**WHAT THE TASK REQUIRES**
Only a slice of the listing below is wanted. Retype the lines from the one containing "Fairfield Inn &" through the one containing "Крым уходит под", exactly, both ends included.

**DATA FOR ANALYSIS**

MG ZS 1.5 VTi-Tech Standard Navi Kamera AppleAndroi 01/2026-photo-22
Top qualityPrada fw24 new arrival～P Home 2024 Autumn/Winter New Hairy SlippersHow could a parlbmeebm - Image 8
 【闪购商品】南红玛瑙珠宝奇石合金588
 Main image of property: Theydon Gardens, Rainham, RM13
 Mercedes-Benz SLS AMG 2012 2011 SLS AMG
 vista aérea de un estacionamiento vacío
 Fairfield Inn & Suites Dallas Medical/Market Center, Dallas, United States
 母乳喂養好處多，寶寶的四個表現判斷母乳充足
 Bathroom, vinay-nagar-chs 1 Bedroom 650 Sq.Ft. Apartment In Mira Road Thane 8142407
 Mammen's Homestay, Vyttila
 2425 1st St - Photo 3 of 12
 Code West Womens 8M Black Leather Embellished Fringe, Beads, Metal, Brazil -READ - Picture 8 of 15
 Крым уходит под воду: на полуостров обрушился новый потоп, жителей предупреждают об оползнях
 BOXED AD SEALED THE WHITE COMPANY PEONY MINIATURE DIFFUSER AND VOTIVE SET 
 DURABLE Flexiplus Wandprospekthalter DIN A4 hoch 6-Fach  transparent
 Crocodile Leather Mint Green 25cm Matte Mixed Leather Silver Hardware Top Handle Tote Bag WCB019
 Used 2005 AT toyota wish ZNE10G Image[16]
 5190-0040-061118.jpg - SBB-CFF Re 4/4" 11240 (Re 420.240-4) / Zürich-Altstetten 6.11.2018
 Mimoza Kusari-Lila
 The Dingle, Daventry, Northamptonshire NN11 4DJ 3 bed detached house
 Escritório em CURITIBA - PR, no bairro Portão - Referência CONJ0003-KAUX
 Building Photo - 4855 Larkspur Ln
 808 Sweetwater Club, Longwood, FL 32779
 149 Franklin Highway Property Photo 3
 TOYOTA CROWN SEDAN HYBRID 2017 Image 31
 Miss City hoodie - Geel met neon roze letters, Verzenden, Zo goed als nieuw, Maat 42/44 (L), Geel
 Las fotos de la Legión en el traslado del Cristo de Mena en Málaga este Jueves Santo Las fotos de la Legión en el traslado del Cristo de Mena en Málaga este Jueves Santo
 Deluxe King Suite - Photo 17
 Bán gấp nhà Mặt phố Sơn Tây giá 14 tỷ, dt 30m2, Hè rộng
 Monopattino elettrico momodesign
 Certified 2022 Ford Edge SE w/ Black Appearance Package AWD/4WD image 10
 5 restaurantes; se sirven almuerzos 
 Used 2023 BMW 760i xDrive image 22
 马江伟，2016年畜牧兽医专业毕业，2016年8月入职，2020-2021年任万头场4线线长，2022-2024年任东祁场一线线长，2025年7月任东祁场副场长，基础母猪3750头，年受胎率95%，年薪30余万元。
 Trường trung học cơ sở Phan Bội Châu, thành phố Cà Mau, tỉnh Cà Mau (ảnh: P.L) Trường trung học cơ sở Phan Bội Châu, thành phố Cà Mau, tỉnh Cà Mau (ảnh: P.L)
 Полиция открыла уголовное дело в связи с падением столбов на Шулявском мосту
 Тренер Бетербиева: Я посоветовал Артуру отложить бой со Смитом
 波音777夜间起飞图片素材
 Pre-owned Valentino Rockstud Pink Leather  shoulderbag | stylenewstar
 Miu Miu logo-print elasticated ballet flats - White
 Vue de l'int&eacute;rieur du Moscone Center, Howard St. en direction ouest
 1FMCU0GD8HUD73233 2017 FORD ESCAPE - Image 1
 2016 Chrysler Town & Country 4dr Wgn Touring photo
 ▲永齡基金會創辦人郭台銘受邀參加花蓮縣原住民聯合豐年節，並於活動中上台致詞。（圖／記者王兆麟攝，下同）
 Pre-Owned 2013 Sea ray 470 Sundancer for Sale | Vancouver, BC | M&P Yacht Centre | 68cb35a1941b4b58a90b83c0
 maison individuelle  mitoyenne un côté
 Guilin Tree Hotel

**RESPONSE AREA**
 Fairfield Inn & Suites Dallas Medical/Market Center, Dallas, United States
 母乳喂養好處多，寶寶的四個表現判斷母乳充足
 Bathroom, vinay-nagar-chs 1 Bedroom 650 Sq.Ft. Apartment In Mira Road Thane 8142407
 Mammen's Homestay, Vyttila
 2425 1st St - Photo 3 of 12
 Code West Womens 8M Black Leather Embellished Fringe, Beads, Metal, Brazil -READ - Picture 8 of 15
 Крым уходит под воду: на полуостров обрушился новый потоп, жителей предупреждают об оползнях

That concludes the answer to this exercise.